Fraudulent Interac bank transfer offers in your email are trying to phish your bank login, password and identity
Emails arriving in Canadian in boxes that promise modest deposits from some unnamed source are a scam.
These are not real but part of a new advanced scam that appears to come from Vietnam.
If you click on the hyperlink and try to deposit the money you will be giving away your bank, branch, account number and login. You will not get any money in fact the scam artists will likely take some money from you and steal your identity.
The TD Bank fraud department told me yesterday that this was definitely a scam and that the criminals are getting more realistic with each new exploit.
The first thing that should alert you is when an email, from an unnamed source that you are not expecting, arrives promising an Interact deposit.
The one I got was for a modest deposit of $340 which is less suspicious that the usual scams that promise millions of dollars. It is still a phishing scam, attempting to get your identity and banking information.
How to spot the Interac e-Transfer scam
This is the email that arrives. It could be your junk mail but could be mixed with regular emails.
At least 4 points of concern on scam email
1. The email is not addressed to you, which indicates bulk mailing.
2. “Dear Customer” – the usual Interac email notices have your name.
3.The hyperlink is looks innocent but if you hold your mouse over it you will see a second spoof or redirect web address, namely this one in Vietnam.
4. The help hyperlink looks valid but also redirects to a Vietnamese site that promises to pay writers. There may be other scam sites with other occupations. This one knows I am a writer.
Freeval Writings – Probable scam website from help hyperlink
What happens if you try to deposit the money
If you click on the deposit link, a facsimile of the real Interac Deposit screen will pop up. It is not the Interac site but another website in Vietnam.

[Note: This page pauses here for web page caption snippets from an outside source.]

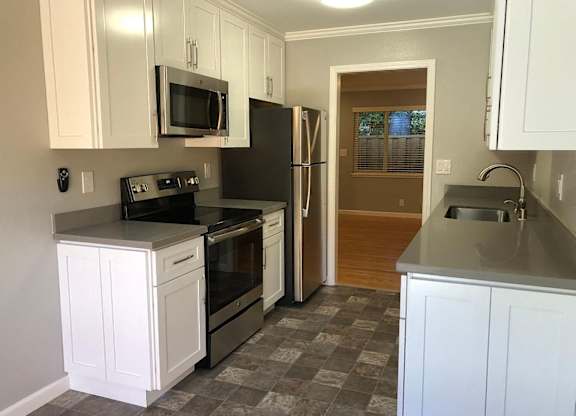 A kitchen with white cabinets and a black refrigerator.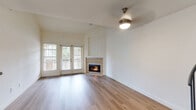 This two-story home in San Marcos, California offers a well-organized layout spread across two floors. The main level serves as the heart of the home, anchored by an open living room with light wood-style flooring, neutral walls, and a tile-surround fireplace framed by French doors that invite natural light and outdoor views. The adjacent kitchen is well-equipped with rich warm-toned wood cabinetry, granite countertops, a breakfast bar peninsula, and black appliances including a gas range, microwave, dishwasher, and refrigerator. A hallway connects the main living areas to two full bathrooms, one of which features warm wood cabinetry with granite countertops and a tub-shower combination. The upper level, accessed via a charming spiral staircase with a metal railing, houses the two bedrooms, both carpeted for comfort. The primary bedroom offers a generous footprint, while the secondary bedroom features vaulted ceilings and a window with natural light. The upper hallway is finished with the same light wood-style flooring seen downstairs, maintaining a cohesive design throughout. Clean white walls and consistent finishes give the entire home a bright, move-in-ready feel.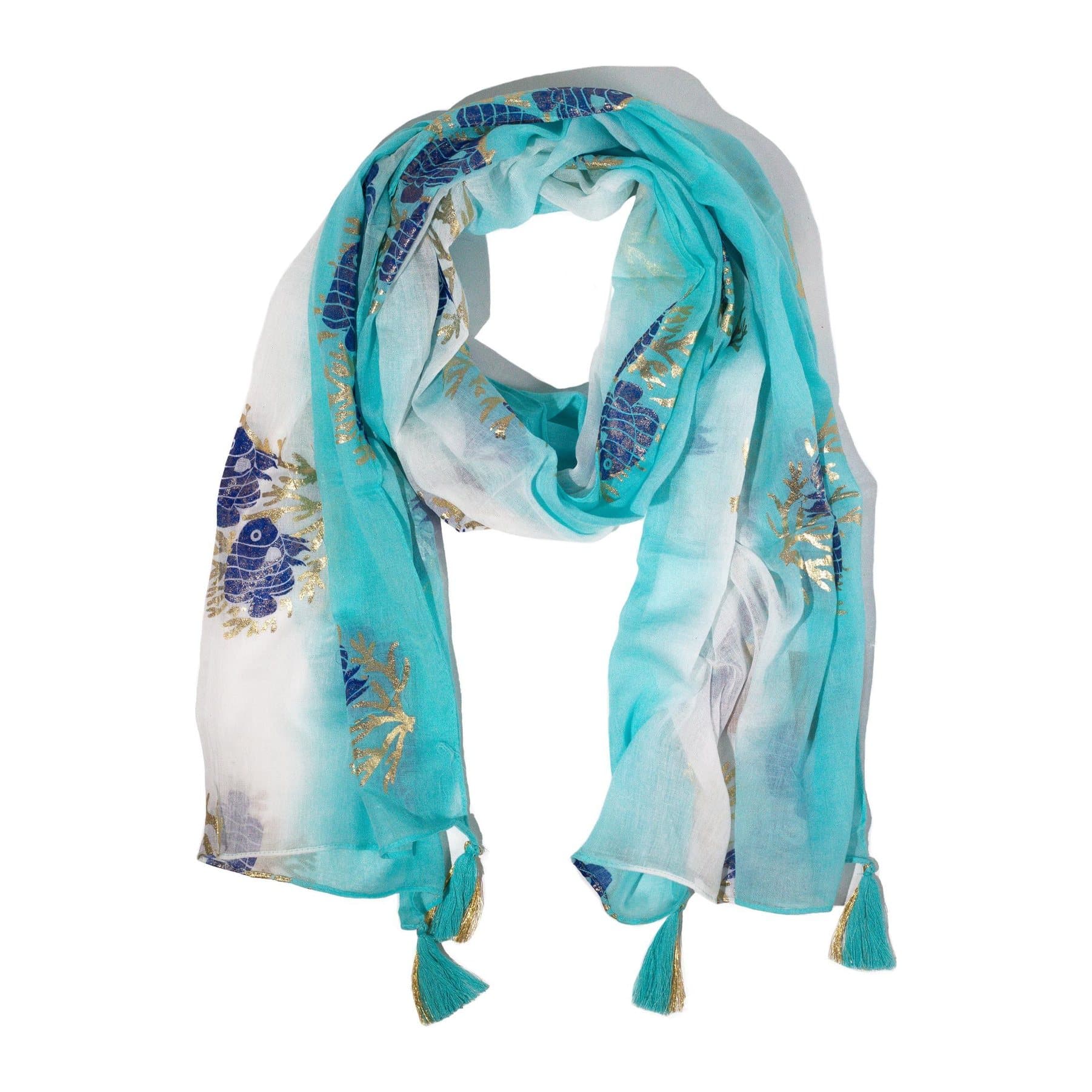 Turquoise scarf with blue fish motifs, gold foil details and tassels at the ends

If you try to deposit the money, they will be able to steal your identity and potentially transfer money from your account. There may be safeguards at the bank to restrict the Vietnamese site but don’t count on it.

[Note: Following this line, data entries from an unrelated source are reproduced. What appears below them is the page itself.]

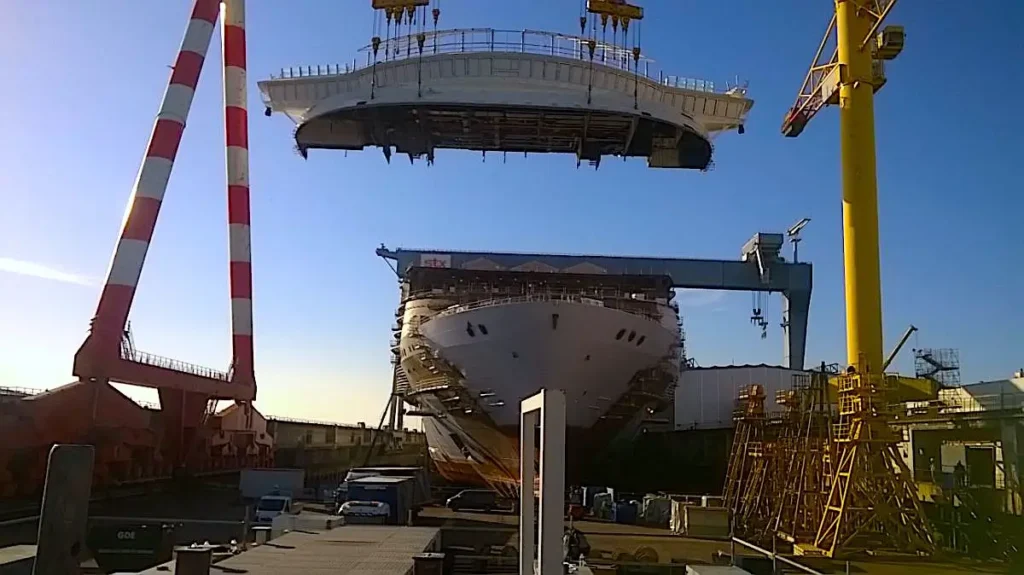 Ship under construction in a shipyard, with a large section being lifted by cranes.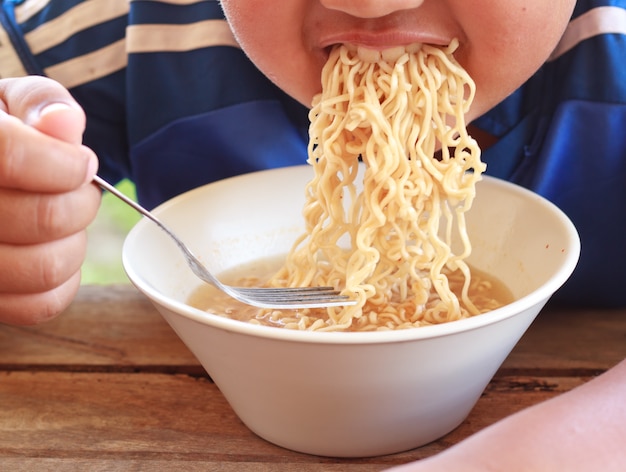 写真 木製のテーブルの白いボールでインスタントラーメンを食べる子供は、彼の口に焦点を当てました。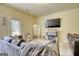 Cozy living room with decorative fireplace, television, and comfortable seating area at 2160 Dillard Xing, Tucker, GA 30084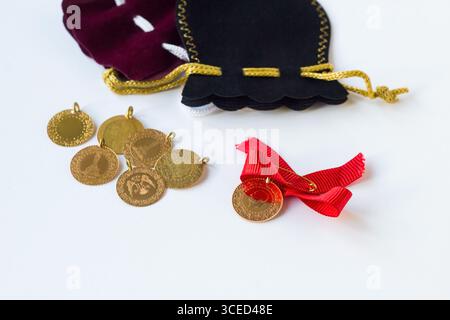 Monete tradizionali in oro turco con nastro rosso e sacchetti in oro velluto su superficie bianca Foto Stock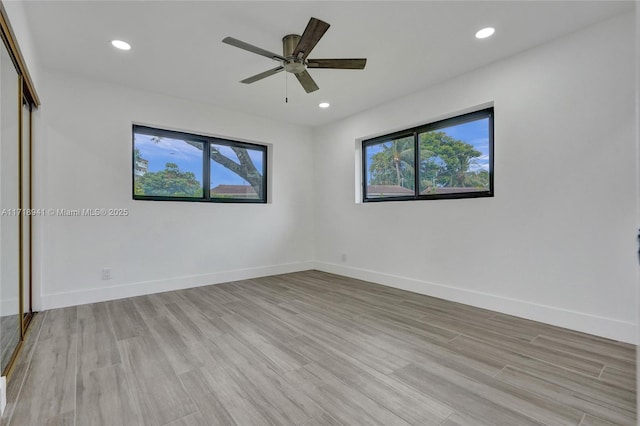 empty room with light hardwood / wood-style floors and ceiling fan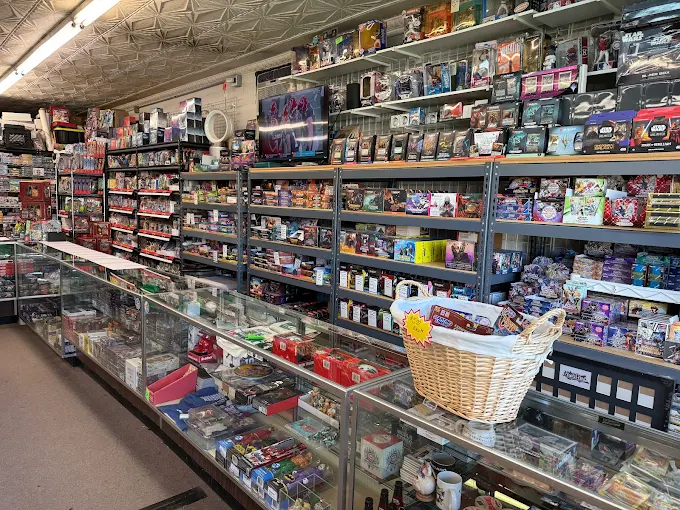 Interior aisle lined with display cases and shelving under a pressed-tin ceiling
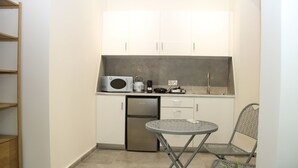 Een compacte keuken met witte kastjes, een magnetron, een waterkoker en een kleine koelkast. Er is een opklapbare tafel en twee stoelen.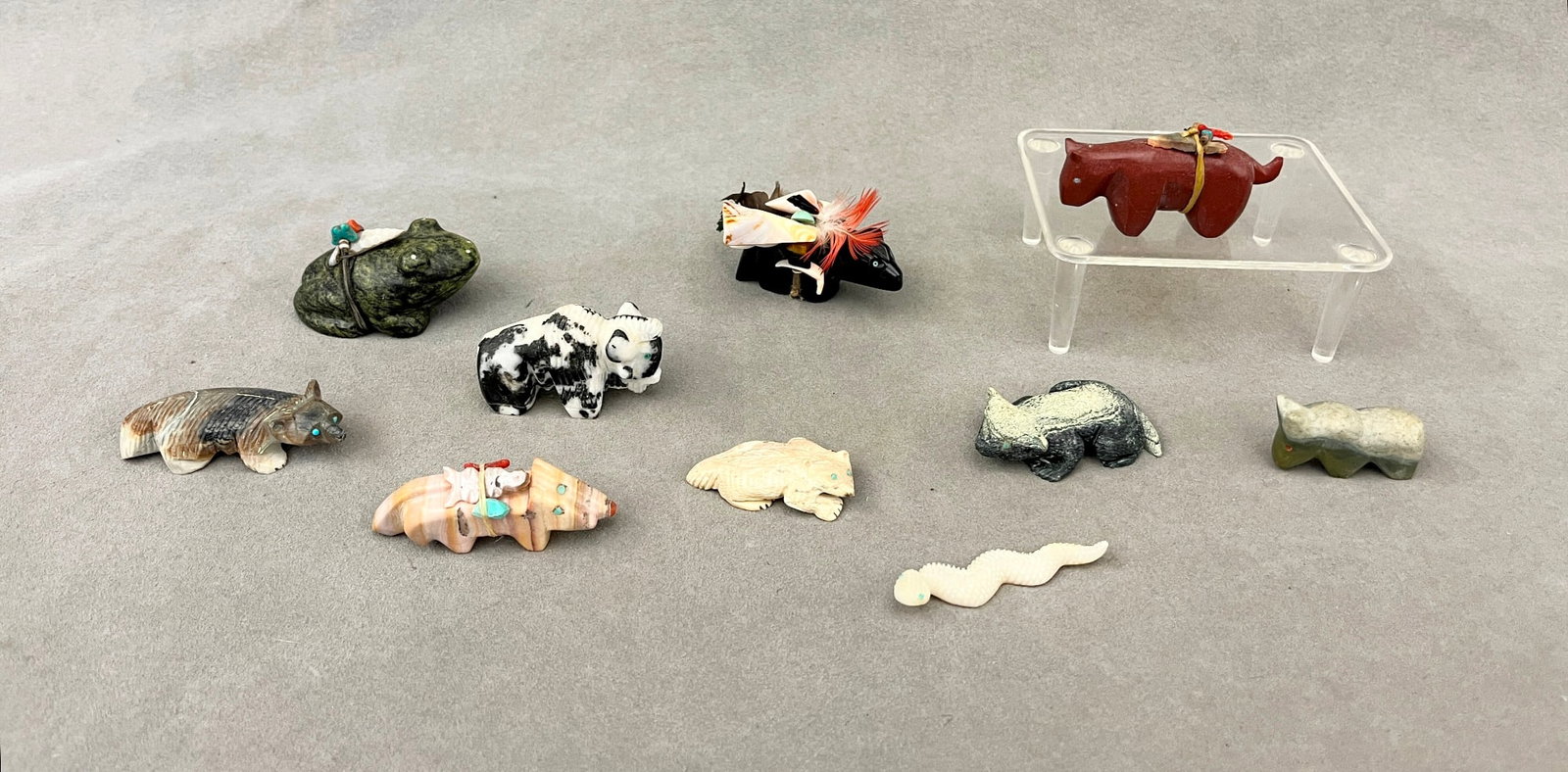 TEN ASSORTED ZUNI FETISH CARVINGS, NEW MEXICO, TRADITIONAL ART OF THE NATIVE AMERICAN SOUTHWEST.: TEN ASSORTED ZUNI FETISH CARVINGS, NEW MEXICO, TRADITIONAL ART OF THE NATIVE AMERICAN SOUTHWEST. Set of ten vintage assorted Zuni Fetish carvings from the Zuni Pueblo in New Mexico, part of the tradit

Here are things you can spot on this phishing screen.
3 ways to spot the scam Interac login screen
1. The address is not “https:etransfer.interac.ca
2. The site is not certified with a lock logo by Acxsys Corp with their valid certificate
3. The transfer is not “Pay to the order of ” you, your email address, and there is no message.
These thieves are likely smart enough to read this story and change their exploits so be warned that the phishing scam will get better with time.
If you get an email that promises money from someone you don’t know, send the email to your bank’s fraud department for verification.
This story is not meant as a slight on the country of Vietnam or the Vietnamese people but merely uses those words to describe where this scam appears to originate. It likely actually comes from another country altogether. Thieves are very smart.
Always protect yourself with an anti-virus product like Avast, which is free for individuals.